I'm beginning another -- my last -- quarter of school, which should result in a new career. And I'm understandably anxious over the big chunk of credits I'm biting off in order to get done faster.
But "anxious" really is a camouflage word for fear.
I won't fail in the coursework. Unless something really untoward happens, I will do well. Probably very well. But at what emotional cost? To me and the ones close to me?
I had built into me a high threshold for accomplishment. And in the years of my midlife crisis, that period from my mid-forties until now -- I am fifty-four -- I systematically, if subconsciously, dismantled a great deal of that structure that held me together.
A marriage, a career, societal expectations surrounding money, how you get it, how much of it you need, how you use what you get -- and societal expectations surrounding who I am to other people, how I value them, ways I behave toward them, what I owe to those I love.
I've posted before about being "in the dark room," that period I now believe I existed in for most of my childhood, adolescence and adulthood.

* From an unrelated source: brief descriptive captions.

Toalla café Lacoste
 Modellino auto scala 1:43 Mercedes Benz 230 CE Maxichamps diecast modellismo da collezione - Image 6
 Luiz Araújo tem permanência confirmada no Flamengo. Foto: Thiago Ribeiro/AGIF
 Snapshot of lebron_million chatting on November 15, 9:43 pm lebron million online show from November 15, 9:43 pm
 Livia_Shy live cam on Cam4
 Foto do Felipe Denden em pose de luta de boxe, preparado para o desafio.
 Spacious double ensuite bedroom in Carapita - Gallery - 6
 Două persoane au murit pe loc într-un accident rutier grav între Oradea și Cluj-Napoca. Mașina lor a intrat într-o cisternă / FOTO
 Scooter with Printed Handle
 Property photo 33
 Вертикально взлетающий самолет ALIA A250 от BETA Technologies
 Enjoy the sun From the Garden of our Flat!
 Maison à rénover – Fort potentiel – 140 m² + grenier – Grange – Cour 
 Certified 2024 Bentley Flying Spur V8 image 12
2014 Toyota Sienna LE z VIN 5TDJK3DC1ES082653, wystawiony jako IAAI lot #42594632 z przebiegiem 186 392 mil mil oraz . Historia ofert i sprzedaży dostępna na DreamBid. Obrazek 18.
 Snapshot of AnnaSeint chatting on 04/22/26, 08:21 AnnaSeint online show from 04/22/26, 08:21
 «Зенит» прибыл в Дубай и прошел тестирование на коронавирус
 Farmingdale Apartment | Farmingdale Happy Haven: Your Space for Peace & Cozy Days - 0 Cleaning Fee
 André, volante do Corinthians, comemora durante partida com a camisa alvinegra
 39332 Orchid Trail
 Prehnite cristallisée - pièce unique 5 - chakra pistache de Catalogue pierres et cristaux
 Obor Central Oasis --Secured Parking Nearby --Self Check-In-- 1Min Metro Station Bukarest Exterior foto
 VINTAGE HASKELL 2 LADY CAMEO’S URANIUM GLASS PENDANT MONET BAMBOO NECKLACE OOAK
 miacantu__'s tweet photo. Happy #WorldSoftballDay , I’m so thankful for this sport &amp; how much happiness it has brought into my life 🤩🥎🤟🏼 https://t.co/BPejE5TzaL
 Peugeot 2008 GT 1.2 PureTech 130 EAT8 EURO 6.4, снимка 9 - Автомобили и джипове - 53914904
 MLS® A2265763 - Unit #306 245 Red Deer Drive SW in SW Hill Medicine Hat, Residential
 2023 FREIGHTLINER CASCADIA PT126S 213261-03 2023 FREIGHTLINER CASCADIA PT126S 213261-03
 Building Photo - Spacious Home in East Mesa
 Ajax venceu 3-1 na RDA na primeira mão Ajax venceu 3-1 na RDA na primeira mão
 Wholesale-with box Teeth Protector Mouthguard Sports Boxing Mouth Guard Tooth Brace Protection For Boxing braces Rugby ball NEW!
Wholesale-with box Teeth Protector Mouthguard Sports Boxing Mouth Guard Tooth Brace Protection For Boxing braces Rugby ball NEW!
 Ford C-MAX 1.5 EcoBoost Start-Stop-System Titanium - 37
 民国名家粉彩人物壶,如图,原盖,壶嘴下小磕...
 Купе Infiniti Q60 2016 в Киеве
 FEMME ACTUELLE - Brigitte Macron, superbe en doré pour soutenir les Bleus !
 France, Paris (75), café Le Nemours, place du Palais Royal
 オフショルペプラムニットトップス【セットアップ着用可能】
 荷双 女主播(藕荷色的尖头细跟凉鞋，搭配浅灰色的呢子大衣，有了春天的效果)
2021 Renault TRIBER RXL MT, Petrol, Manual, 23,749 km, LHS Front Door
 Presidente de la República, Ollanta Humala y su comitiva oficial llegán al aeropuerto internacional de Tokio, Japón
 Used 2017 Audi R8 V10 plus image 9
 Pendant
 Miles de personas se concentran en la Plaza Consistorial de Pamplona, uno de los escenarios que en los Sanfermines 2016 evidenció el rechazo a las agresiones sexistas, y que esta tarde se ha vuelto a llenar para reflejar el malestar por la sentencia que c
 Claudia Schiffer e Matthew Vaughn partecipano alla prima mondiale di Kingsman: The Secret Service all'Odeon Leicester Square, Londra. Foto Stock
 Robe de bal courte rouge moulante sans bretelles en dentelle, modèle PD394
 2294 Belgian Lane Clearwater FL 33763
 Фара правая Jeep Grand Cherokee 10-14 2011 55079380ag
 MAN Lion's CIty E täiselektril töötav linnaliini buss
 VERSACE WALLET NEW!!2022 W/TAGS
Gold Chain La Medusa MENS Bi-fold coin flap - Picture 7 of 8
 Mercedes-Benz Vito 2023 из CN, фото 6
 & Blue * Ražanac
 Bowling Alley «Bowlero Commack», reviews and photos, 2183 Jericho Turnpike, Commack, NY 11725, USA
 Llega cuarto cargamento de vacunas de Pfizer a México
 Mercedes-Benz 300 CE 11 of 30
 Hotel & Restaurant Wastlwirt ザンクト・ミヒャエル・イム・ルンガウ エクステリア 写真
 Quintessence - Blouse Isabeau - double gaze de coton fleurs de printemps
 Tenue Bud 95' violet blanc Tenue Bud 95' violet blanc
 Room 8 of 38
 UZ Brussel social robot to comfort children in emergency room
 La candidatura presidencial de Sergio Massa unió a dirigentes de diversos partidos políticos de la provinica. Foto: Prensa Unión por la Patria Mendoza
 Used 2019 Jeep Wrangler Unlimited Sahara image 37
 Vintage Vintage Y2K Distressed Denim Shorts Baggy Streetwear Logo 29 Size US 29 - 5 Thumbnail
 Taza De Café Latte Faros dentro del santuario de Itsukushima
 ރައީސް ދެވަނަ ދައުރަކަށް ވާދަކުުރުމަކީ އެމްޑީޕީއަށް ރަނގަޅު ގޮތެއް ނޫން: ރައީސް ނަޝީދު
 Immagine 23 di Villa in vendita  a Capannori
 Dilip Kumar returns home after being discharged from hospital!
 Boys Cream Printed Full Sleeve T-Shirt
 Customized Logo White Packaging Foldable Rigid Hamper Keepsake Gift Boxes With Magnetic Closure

A time in which one is so self-absorbed, but so unaware of the way one is actually perceived, a deep lack of understanding of one's actual behavior and its true repercussions.
The plus of entering the light after being in the dark is, obviously, you see a lot more. The downside is that a lot of protective ignorance is stripped away. You have to face more truth about who and what you are or are not, and deal.
This scares me to death sometimes. The rawness of truth. The bare quality of being authentic.
I am so fortunate to be with a partner who has achieved more authenticity in his life and in his self than anyone I have ever known. He is transcendant -- although he will roll his eyes when he reads this.
I don't know exactly how he got there. He doesn't talk a great deal about it, but he does guide me toward means of accomplishing more transparency in my own life. Meditation is a big part of that and although I struggle with it, I am doing better at going inward and finding a peaceful, quiet place where I am no longer afraid.
Because I know now that it was fear all along that drove me to whatever had been accomplished in my prior life. Fear and a great deal of shame-driven energy that helped me mask who I was and what I really needed from everyone, including myself.
I'm not willing to use energy that way anymore. Of course I backslide into "what will they think" and "I need to do this to make sure they know what I'm worth ..." -- both illusory excuses for facing the truth about who you are and what you need to do. In terms of yourself, in terms of other people.
I resolve to stay out of the dark room and continue to face my fear -- defuse my shame -- in the light. To continue the work toward transparency.
And I wish all of you, my dear friends, a productive and loving New Year. In the light.